Go to the line containing "MAGLIONE GIROCOLLO, F04VABISCOTTO, large" in the listing below and retype it and every later line exactly, down to the last.

## SUPPLIED RECORDS
════════════════
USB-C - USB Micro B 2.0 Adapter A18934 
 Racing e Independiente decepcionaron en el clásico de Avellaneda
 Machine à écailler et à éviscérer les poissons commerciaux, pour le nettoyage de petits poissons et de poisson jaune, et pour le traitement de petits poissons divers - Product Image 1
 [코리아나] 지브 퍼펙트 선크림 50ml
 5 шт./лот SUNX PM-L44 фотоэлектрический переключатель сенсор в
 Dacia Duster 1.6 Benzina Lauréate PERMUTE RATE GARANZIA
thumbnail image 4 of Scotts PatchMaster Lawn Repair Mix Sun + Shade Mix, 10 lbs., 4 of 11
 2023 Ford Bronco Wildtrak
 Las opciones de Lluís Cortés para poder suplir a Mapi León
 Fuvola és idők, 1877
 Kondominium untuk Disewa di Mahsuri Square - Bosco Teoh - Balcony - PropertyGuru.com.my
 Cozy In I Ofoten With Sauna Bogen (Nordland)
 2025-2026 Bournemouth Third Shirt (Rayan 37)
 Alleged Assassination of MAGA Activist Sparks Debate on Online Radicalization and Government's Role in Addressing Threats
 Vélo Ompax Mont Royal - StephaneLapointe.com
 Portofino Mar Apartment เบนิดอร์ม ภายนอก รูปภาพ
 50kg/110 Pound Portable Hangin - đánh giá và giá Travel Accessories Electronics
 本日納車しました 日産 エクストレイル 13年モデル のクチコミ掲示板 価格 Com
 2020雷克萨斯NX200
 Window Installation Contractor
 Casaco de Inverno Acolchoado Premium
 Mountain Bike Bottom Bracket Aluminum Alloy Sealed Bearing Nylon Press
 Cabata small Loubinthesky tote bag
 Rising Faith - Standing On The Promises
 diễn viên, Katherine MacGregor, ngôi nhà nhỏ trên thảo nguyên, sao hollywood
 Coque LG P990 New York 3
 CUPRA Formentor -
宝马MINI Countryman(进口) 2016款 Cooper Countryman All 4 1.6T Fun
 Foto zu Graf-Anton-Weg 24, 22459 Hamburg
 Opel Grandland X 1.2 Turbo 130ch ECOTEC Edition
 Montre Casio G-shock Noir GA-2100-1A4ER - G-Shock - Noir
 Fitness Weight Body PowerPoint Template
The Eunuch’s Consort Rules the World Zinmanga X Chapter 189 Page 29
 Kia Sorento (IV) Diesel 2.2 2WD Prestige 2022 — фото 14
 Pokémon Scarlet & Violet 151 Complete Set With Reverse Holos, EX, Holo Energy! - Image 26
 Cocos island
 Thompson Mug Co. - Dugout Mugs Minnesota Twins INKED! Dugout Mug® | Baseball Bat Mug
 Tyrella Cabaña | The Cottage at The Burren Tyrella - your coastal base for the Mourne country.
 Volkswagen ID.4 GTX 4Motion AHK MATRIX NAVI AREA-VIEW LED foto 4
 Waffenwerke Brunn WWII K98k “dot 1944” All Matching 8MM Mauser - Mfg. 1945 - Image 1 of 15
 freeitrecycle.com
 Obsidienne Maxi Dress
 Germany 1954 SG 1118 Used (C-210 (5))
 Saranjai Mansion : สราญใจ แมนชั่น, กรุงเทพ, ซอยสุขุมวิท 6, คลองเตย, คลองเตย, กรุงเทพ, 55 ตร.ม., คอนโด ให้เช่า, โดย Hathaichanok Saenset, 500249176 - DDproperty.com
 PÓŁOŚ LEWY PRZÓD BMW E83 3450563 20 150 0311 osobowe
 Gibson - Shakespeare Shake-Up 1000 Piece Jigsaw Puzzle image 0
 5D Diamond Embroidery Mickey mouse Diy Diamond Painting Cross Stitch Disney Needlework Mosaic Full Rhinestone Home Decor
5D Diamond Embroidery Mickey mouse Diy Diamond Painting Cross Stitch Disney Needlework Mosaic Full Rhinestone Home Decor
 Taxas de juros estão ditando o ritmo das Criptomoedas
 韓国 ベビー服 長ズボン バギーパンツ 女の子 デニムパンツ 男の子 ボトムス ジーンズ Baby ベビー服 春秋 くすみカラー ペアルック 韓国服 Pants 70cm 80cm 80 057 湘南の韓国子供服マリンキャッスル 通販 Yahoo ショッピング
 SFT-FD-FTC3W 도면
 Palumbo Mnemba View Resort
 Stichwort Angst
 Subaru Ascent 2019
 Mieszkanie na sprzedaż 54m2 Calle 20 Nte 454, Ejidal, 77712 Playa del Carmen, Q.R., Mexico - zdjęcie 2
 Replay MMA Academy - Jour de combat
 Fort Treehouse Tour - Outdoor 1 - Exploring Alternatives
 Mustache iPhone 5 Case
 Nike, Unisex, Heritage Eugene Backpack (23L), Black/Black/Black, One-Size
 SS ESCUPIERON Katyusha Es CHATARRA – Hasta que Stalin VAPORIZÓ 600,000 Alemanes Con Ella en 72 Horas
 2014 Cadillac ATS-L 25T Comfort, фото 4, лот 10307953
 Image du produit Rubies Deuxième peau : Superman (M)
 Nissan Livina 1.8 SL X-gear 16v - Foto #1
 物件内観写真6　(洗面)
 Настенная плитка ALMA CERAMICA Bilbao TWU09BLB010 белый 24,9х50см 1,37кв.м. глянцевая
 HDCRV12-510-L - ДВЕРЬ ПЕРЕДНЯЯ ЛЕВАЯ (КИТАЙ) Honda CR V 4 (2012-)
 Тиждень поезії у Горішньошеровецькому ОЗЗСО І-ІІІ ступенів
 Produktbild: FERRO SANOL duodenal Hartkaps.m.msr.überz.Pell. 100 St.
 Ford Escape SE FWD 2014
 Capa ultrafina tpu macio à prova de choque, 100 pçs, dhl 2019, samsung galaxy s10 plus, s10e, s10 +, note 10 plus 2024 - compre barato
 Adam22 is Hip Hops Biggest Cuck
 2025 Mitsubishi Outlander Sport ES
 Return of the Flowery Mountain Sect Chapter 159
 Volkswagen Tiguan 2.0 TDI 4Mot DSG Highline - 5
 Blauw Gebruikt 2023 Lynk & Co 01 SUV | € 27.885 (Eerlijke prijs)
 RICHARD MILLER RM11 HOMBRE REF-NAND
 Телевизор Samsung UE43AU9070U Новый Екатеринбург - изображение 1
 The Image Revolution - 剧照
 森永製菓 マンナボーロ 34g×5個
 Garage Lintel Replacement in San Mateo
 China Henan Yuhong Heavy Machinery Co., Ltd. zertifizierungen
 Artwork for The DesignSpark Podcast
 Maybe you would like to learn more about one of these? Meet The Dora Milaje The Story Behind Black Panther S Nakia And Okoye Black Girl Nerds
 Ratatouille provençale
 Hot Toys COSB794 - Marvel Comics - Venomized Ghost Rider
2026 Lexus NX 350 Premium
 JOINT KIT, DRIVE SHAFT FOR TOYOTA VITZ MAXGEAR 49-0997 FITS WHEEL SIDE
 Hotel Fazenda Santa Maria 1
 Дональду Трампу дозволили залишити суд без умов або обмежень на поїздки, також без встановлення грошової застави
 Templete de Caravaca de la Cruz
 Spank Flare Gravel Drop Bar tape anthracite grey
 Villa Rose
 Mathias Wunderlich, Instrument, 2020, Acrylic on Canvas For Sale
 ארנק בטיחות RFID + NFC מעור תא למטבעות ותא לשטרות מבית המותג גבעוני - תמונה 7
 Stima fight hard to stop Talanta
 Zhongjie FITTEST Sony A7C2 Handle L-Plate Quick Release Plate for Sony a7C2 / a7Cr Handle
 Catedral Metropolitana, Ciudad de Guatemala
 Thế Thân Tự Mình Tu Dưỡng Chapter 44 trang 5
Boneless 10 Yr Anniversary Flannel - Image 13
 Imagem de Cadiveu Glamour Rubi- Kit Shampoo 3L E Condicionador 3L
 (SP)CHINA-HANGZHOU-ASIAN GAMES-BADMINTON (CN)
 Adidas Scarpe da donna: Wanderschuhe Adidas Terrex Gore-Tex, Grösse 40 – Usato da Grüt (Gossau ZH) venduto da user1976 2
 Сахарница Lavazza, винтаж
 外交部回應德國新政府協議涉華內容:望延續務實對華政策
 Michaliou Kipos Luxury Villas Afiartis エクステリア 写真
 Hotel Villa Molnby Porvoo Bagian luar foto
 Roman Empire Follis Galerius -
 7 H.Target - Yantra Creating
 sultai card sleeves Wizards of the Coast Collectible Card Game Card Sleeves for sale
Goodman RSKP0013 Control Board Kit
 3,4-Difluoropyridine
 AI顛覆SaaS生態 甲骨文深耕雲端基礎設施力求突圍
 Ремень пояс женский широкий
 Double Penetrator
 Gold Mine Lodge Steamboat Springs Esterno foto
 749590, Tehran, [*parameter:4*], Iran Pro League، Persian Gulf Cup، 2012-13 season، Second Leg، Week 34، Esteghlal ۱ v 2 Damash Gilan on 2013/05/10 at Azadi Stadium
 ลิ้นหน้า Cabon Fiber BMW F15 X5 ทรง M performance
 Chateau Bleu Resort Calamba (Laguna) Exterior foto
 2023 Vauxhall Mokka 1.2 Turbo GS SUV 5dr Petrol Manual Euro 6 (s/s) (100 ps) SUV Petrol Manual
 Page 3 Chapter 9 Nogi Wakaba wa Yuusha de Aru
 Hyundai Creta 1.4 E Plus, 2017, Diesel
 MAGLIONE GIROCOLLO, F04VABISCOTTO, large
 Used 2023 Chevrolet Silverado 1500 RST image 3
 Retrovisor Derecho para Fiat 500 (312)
════════════════
## SOLVED EXERCISE
 MAGLIONE GIROCOLLO, F04VABISCOTTO, large
 Used 2023 Chevrolet Silverado 1500 RST image 3
 Retrovisor Derecho para Fiat 500 (312)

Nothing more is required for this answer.